Video based sensing is
one important component to reactive spaces that provides the computer with the
means to interpret what is happening within the space. This paper presents concepts around how
a computer interprets reality through video based input.
Image understanding
(often called image processing) is the field in computer science that tries to give
the computer the ability to understand what is happening visually through the
use of cameras. It is important to
realize that, to date, no computer has really understood in a general way what
goes on in a video scene. To a
computer, the objects that are contained within a video scene, and the
movements of those objects, are just that: blobs that move. This means that telling the computer to
follow a hand moving in an image is not possible as a starting point.
So how does the
computer follow a hand moving in an image? This is the problem that image understanding tries to
solve. Perhaps it is more correct
to say to the computer:
“follow the largest moving thing in the image, assume that the
camera view is constrained to looking over the shoulder of a person (say a
conductor) of just the area that hand can reach, and that there is a constant
background”. In a more
sophisticated technique it might be: “follow the blobs in the image that
match multiple previously recorded views of a hand, within the scene lit in a
certain way, with a background that is subtracted from the current
scene”.
From the previous
examples it can be seen that the techniques used can be easily fooled by
removing the context in which the technique was created. For instance if the camera views the
conductor from the front, or if the camera is too far away, the technique might
fail.
The hope of this paper
is to give performers, designers, and artists an insight into the concepts and
processes that go into making a computer understand visually based input. Many of these concepts can be applied
to other types of sensors.
Camera’s see
space in distorted ways. Of course
they see space in much the same way as humans except there is no distance
information available (except through difficult computation). Because of this, camera geometry is not
corrected for distortions related to size and distance from the camera lens,
and there is no peripheral vision near to the camera. Objects in a scene viewed by the camera that are close
to it are big, and objects that are far from it are small.
What this means in a
performance environment is that actions of performers are distorted by their
physical relationship to the camera.
Actions that cut across the camera’s view appear to be different
than actions that move toward or away from the camera. Actions that are preformed close to the
camera are different from those performed at a distance from the camera.
There is a major
difference between a camera mounted overhead and looks down verses a camera
that is mounted looking from the side.
Overhead camera views foreshorten human bodies that are directly
underneath the camera and lengthen those that are toward the edges of the
camera’s view. An algorithm
that is designed for an overhead camera will not have to deal too much with
proportion problems (assuming that all the objects it deals with are on the
floor). But, a side viewing camera
will have to deal with distance issues, and proportion problems.

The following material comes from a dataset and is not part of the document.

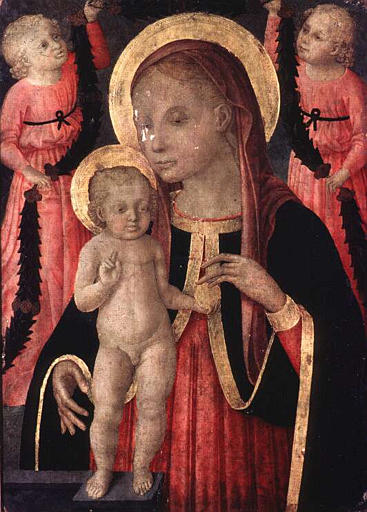 LA VIERGE ET L'ENFANT AVEC DEUX ANGES_0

These kinds of distortions
are true of any kind of sensor.
Infrared distance sensors are only sensitive to distance within a cone
emanating from the front of the sensor.
A bend sensor only sees data where it is bent, not where the object it
is attached to is bent. It is
important to realize that sensors while sensitive to reality, do not represent
reality exactly, but only represent reality as shadows.
A camera does not see
objects in space, nor does it distinguish between bodies or boxes or
tables. This might seem obvious,
but underlying the statement is a fact that is not as obvious: Cameras only see light, not shape. The shape of something is only obtained
(if your lucky) by processing the output from a camera. Because cameras only see light, it is
important that performers working with camera based systems know that how light
falls on their bodies determines how they are seen by the computer.
Another fact that comes
out of this realization is that changes in lighting are seen by the camera as
changes of movement. If a light is
turned off, for instance, then the camera will see something completely
different in composition. Humans
can easily take this into account because we are constantly able to recognize
the content of what we see, but computers are not able to have access to this
kind of information (at least not with current techniques).
The type of camera and
type of lighting can make a difference in what the computer perceives, and how
much the performer or designer has to pay attention to lighting anomalies.
So what kind of
information can be extracted from a camera by a computer easily? The answer to this question is complex
and is dependent upon the environment the camera is used within, and the techniques
used to process the data streaming from the camera.
There are several
processing techniques that can get at particular kinds of information. This information is general in scope
and can be used to infer things based on the environmental setup. These general “operators”
process light to extract some property of the scene. These operators include but are not limited to: motion, presence, background,
and objects.
The motion operator does not extract speed, although it
implies it. Motion is calculated by subtracting successive images
from each other, and counting the number of pixels that have changed. Motion is light changing, but under constant lighting
conditions, motion is the change in surface area of objects in the scene. This precise definition is needed
because motion does not
unambiguously extract the speed of an object. To see why this is so, consider the motion of a hand just in
front of a camera lens and the motion of a hand at 10 meters from the camera. At the camera lens, a hand is big, and
any movement by a hand causes many pixels in the image plane of the camera to
change, thus the motion detected is large. At 10 meters, the hand is very small in the image plane, and
as it moves, causes only minimal changes in image.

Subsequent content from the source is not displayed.